Еще какой! Вся наша жизнь последних десятилетий. У нас был период слез, потом период смеха... Смех сотрясал нас. Мы в нем спасались. Люди приходили на концерт, то есть я приходил, а концерты у меня были на заводах, в институтах, люди оставались после работы, и мы смеялись вместе до слез или от слез.
Мы открывали для себя, что все думаем одинаково. Это теперь, когда открыли окна и двери, мы думаем по-разному... А раньше думали одинаково и очень нравились друг другу.
Ничто так не сближает разнообразные частицы, как давление сверху. Юмор становился все более непереводимым. Смех вызывали самые серьезные вещи. Допустим, рапорт в газету: «Мы такие-то, собрали тридцать центнеров с гектара. Посвящаем 1 Мая».
Ответ в газете: «Вы такие-то, собрали тридцать центнеров с гектара и посвятили 1 Мая. Сердечно поздравляем вас».
Или: «Я, Степанов, проехал сто тысяч километров без ремонта, хочу проехать еще сто тысяч километров».
Ответ: «Вы, Степанов, проехали сто тысяч километров без ремонта, хотите еще сто тысяч километров. Поздравляем вас и желаем проехать еще сто тысяч километров».
Как это все переведешь и кто поймет?
Юмор стал замкнутым и специфичным.
Мои произведения, написанные в тот сложный период, еще собирают публику, но это отголосок моего подполья. Мне надо искать другой путь, или вдруг уйдет все в прозе, тогда опять я в порядке, если мне окончательно не припомнят этот разговор.
Этот юмор специфичный, но это юмор огромной страны и собирает огромные массы людей, значит, он должен быть интересен вам, если вам не безразлична ваша жизнь.
Меня спрашивала уже какая-то английская журналистка: «Неужели вам не обидно, что ваши произведения не переводятся, что вы заняты спецификой своей страны?»
Я уже тогда знал, что, если мы изменим положение в своей стране, оно изменит положение во всем мире.
Сегодня мы живем в согласии со своим правительством, мы боимся за него, мы бережем его.
Я специально выступал перед охраной Кремля, веселил и развлекал их, чтоб они лучше работали.
Людей, умеющих решать, мало, умных среди них еще меньше.

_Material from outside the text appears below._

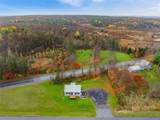 10552 State Route 12 - Photo 3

Много решительных дураков. А когда человек безапелляционно говорит, тебя так и тянет выполнить; уже когда бежишь обратно, громыхая ведром, думаешь: зачем поливать, когда идет дождь?
У меня такой был начальник, когда я в порту работал, Хаджибаронов его фамилия. Он ночью звонит, в шторм:
– Кто дежурный?
– Жванецкий.
– У вас же портальные краны заливает, немедленно принять меры.
Я засуетился, натягиваю плащ, а старый механик:
– Ты куда?
– Да вот краны заливает, начальник звонил...
– И что, ты идешь задом волны отбивать?
Когда решительно прикажут, очень сложно успеть оценить приказ, прежде чем сорваться и побежать...
Если сейчас пойти утверждать этот текст, десятки людей с радостью возьмутся утверждать и не утвердят. Надо брать игру на себя и, проиграв, объяснить, что это выигрыш, что так и надо было, что это было задумано, что будет несмешно, и половина не включит, догадываясь, а половина, не догадываясь, выключит...
И пора нам с юмором в Европу. Мы дали им природный газ. Надо веселящий, и все они пусть заливаются от хохота на своих кузнях, у своей плиты. Тут мы и появимся со своим юмором.
Обожаю выходить на аудиторию, которая уже хохочет.